Per i concerti italiani Taylor ha scelto una superband composta fra gli altri da Steve Gadd, Larry Goldings e Michael Landau e una scaletta che non potrà fare meno di classici come Fire and Rain, Hey Mister..., Carolina in My Mind. Una carriera discografia inaugurata nel 1968 con un album pubblicato dall’etichetta dei Beatles, la Apple: «Avere la loro approvazione è stato fondamentale. Io ero un loro fan, li seguivo e studiavo le loro canzoni cercando di…rubacchiare qualcosa del loro talento». Ci saranno, rivela, anche novità: «Sto ultimando un disco che uscirà a giugno. Negli ultimi dieci anni ho pubblicato cinque cd ma non erano mie canzoni originali. Forse rispetto ai ’70 sento minore urgenza nell’esprimermi, però scrivere è ancora la cosa che preferisco e me ne sono reso conto in questi mesi componendo pezzi che mi hanno riportato a quei tempi».

Nella home page del sito di James Taylor appare in questi giorni una lettera scritta di suo pugno sui fatti di Charlie Hebdo: «Come cittadino del mondo sono profondamente commosso da quanto accaduto. Ma allo stesso tempo nutro grande speranza dalla risposta data dai francesi e dalla comunità internazionale che ha parlato con una sola voce. L’intenzione era dividerci ma la risposta è stata di unità e coraggio». L’assenza di Obama o almeno di una personalità di spicco del governo americano alla manifestazione parigina ha creato polemiche: «Sono rimasto sorpreso anch’io che gli Stati uniti non abbiano mandato una delegazione più importante», e diplomaticamente aggiunge: «Ma io sono un musicista, non un esperto di cose internazionali».

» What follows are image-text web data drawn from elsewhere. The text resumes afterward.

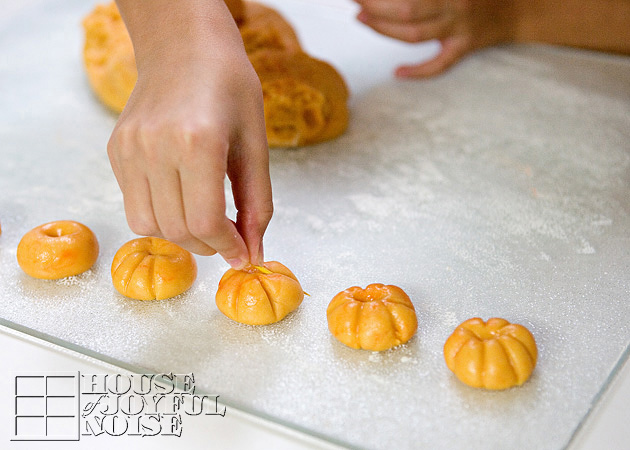 04_how-to-make-pumpkin-shaped-cookies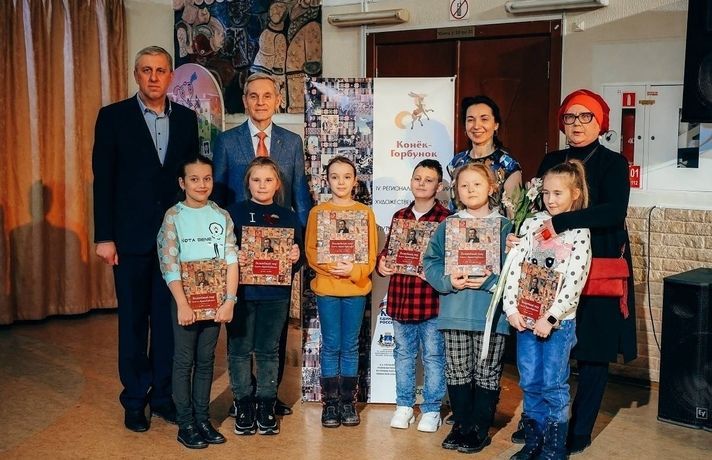 В марте в Тюменском театре кукол состоялась презентация книги-альбома «Мир балета «Конек-горбунок»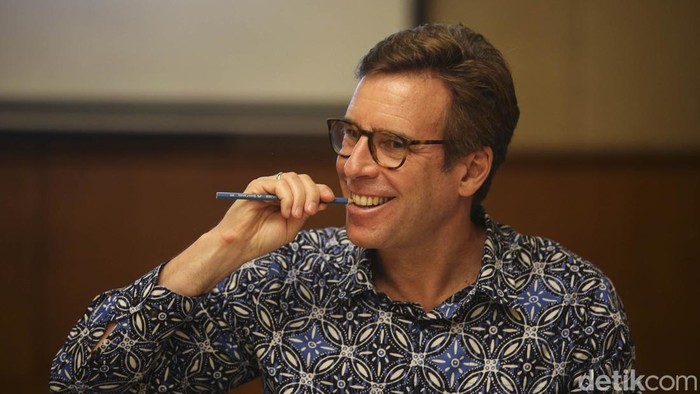Momen Bos Faber-Castell Gigit Pensil Saat Berkunjung ke Indonesia Managing Director PT Faber-Castell International Indonesia Yandramin Halim (kiri) dan CEO Faber-Castell AG Stefan Leitz (kanan) memberikan pemaparan terkait produksi alat tulis Faber Castell di Jakarta, Sabtu (9/4/2022).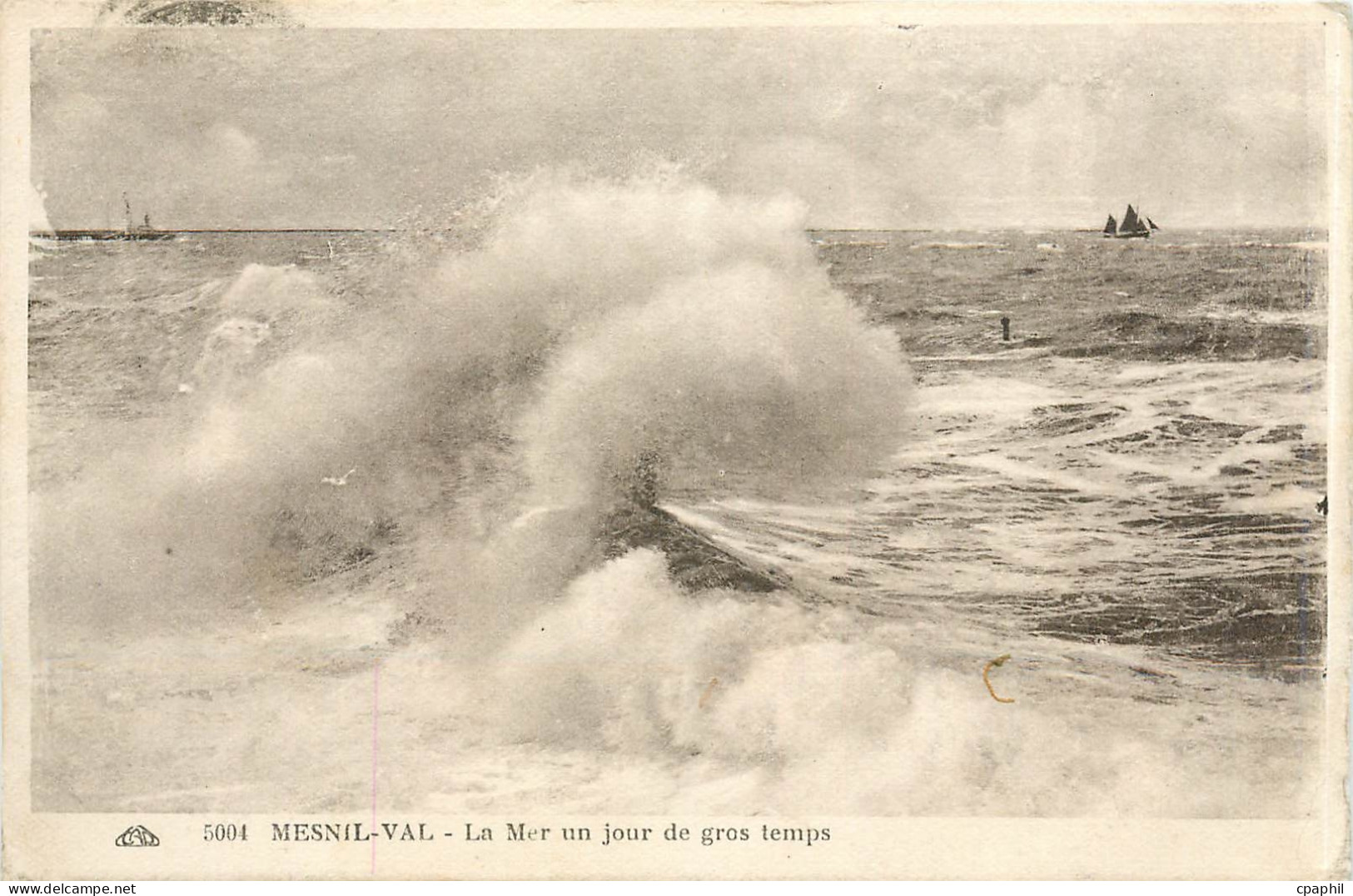 CPA Mesnil Val La Mer un jour de gros Temps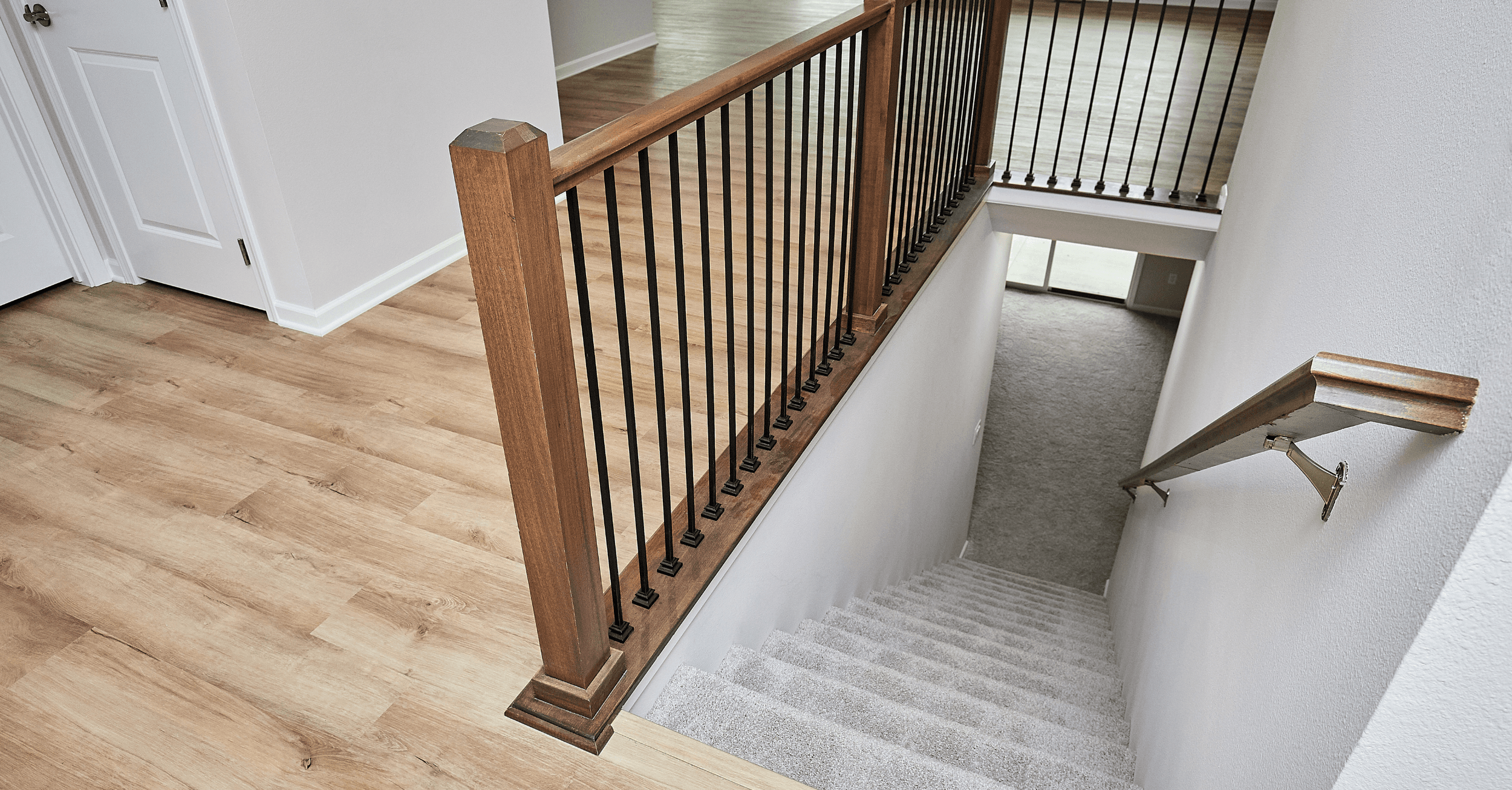 tapis dans un escalier intérieur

James Taylor, che due anni fa si è esibito ai funerali delle vittime dell’attentato di Boston, ha una posizione molto forte sulla proliferazione delle armi nel suo paese: «Sono troppe ed è inevitabile che qualche pazzo alla fine le usi. C’è però una differenza essenziale tra un folle e coloro la cui pazzia è sostenuta da movimenti più ampi in campo politico. Quindi tra chi commette un atto violento come questione di principio e un pazzo, trovo più pericoloso il primo…».